Query-time synonyms without indexing

We have a solr file of type "string".
It turns out that we need to do synonym expansion on query time in order to
account for some changes over time in the values stored in that field.

So we have tried introducing a custom fieldType that applies the synonym
filter at query time only (see bottom of mail), but that requires us to
change the field. But now, when we index new documents, Solr complains:
400 Bad Request
Error: 'Exception writing document id someid to the index; possible
analysis error: cannot change field "auth_country_code" from index
options=DOCS to inconsistent index options=DOCS_AND_FREQS_AND_POSITIONS',

Since we are only making query time changes, I would really like to not
have to reindex our entire collection. Is that possible somehow?

Thanks,
Bjarke


  <fieldType name="country_codes" class="solr.TextField"
sortMissingLast="true" positionIncrementGap="100">
    <analyzer>
        <tokenizer class="solr.KeywordTokenizerFactory"/>  <!-- no
splitting of input -->
    </analyzer>
    <analyzer type="query">
        <tokenizer class="solr.KeywordTokenizerFactory"/>
        <filter class="solr.SynonymGraphFilterFactory"
synonyms="country-synonyms.txt" ignoreCase="false" expand="true"/>
    </analyzer>
  </fieldType>

Re: Query-time synonyms without indexing

Posted by Erick Erickson <er...@gmail.com>.
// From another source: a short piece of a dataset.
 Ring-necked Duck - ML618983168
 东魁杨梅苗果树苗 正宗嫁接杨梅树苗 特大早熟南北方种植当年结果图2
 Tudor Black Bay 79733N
Ah, thanks for letting us know. 

Erick

> On Aug 29, 2019, at 9:20 AM, Bjarke Buur Mortensen <mo...@eluence.com> wrote:
> 
> The <analyzer> section without type is the one getting picked up for the
> index-time chain, so that wasn't my problem.
> 
> It turns out that because of
> https://issues.apache.org/jira/browse/LUCENE-8134, I needed to add
> a omitTermFreqAndPositions="true" to the <fieldType> declaration.
> This has to do with defaults for a string field being different from a text
> field, and i Solr 8+ indexing fails because of above ticket.
> Adding omitTermFreqAndPositions="true" ensures that index field type and
> the schema field type agree on the settings, as I understand it.
> 
> Regards,
> Bjarke
> 
> 
> 
> Den ons. 28. aug. 2019 kl. 13.26 skrev Erick Erickson <
> erickerickson@gmail.com>:
> 
>> Not sure. You have an
>> <analyzer>
>> section and
>> <analyzer=“query”>
>> 
>> section. Frankly I’m not sure which one will be used for the index-time
>> chain.
>> 
>> Why don’t you just try it?
>> change
>> <analyzer>
>> to
>> <analyzer=“index”>
>> 
>> reload and go. It’d take you 5 minutes and you’d have your answer.
>> 
>> Best,
>> Erick
>> 
>> 
>>> On Aug 28, 2019, at 1:57 AM, Bjarke Buur Mortensen <
>> mortensen@eluence.com> wrote:
>>> 
>>> Yes, but isn't that what I am already doing in this case (look at the
>>> fieldType in the original mail)?
>>> Is there some other way to specify that field type and achieve what I
>> want?
>>> 
>>> Thanks,
>>> Bjarke
>>> 
>>> On Tue, Aug 27, 2019, 17:32 Erick Erickson <er...@gmail.com>
>> wrote:
>>> 
>>>> You can have separate index and query time analysis chains, there are
>> many
>>>> examples in the stock Solr schemas.
>>>> 
>>>> Best,
>>>> Erick
>>>> 
>>>>> On Aug 27, 2019, at 8:48 AM, Bjarke Buur Mortensen <
>>>> mortensen@eluence.com> wrote:
>>>>> 
>>>>> We have a solr file of type "string".
>>>>> It turns out that we need to do synonym expansion on query time in
>> order
>>>> to
>>>>> account for some changes over time in the values stored in that field.
>>>>> 
>>>>> So we have tried introducing a custom fieldType that applies the
>> synonym
>>>>> filter at query time only (see bottom of mail), but that requires us to
>>>>> change the field. But now, when we index new documents, Solr complains:
>>>>> 400 Bad Request
>>>>> Error: 'Exception writing document id someid to the index; possible
>>>>> analysis error: cannot change field "auth_country_code" from index
>>>>> options=DOCS to inconsistent index
>> options=DOCS_AND_FREQS_AND_POSITIONS',
>>>>> 
>>>>> Since we are only making query time changes, I would really like to not
>>>>> have to reindex our entire collection. Is that possible somehow?
>>>>> 
>>>>> Thanks,
>>>>> Bjarke
>>>>> 
>>>>> 
>>>>> <fieldType name="country_codes" class="solr.TextField"
>>>>> sortMissingLast="true" positionIncrementGap="100">
>>>>>  <analyzer>
>>>>>      <tokenizer class="solr.KeywordTokenizerFactory"/>  <!-- no
>>>>> splitting of input -->
>>>>>  </analyzer>
>>>>>  <analyzer type="query">
>>>>>      <tokenizer class="solr.KeywordTokenizerFactory"/>
>>>>>      <filter class="solr.SynonymGraphFilterFactory"
>>>>> synonyms="country-synonyms.txt" ignoreCase="false" expand="true"/>
>>>>>  </analyzer>
>>>>> </fieldType>
>>>> 
>>>> 
>> 
>>

Re: Query-time synonyms without indexing

Posted by Bjarke Buur Mortensen <mo...@eluence.com>.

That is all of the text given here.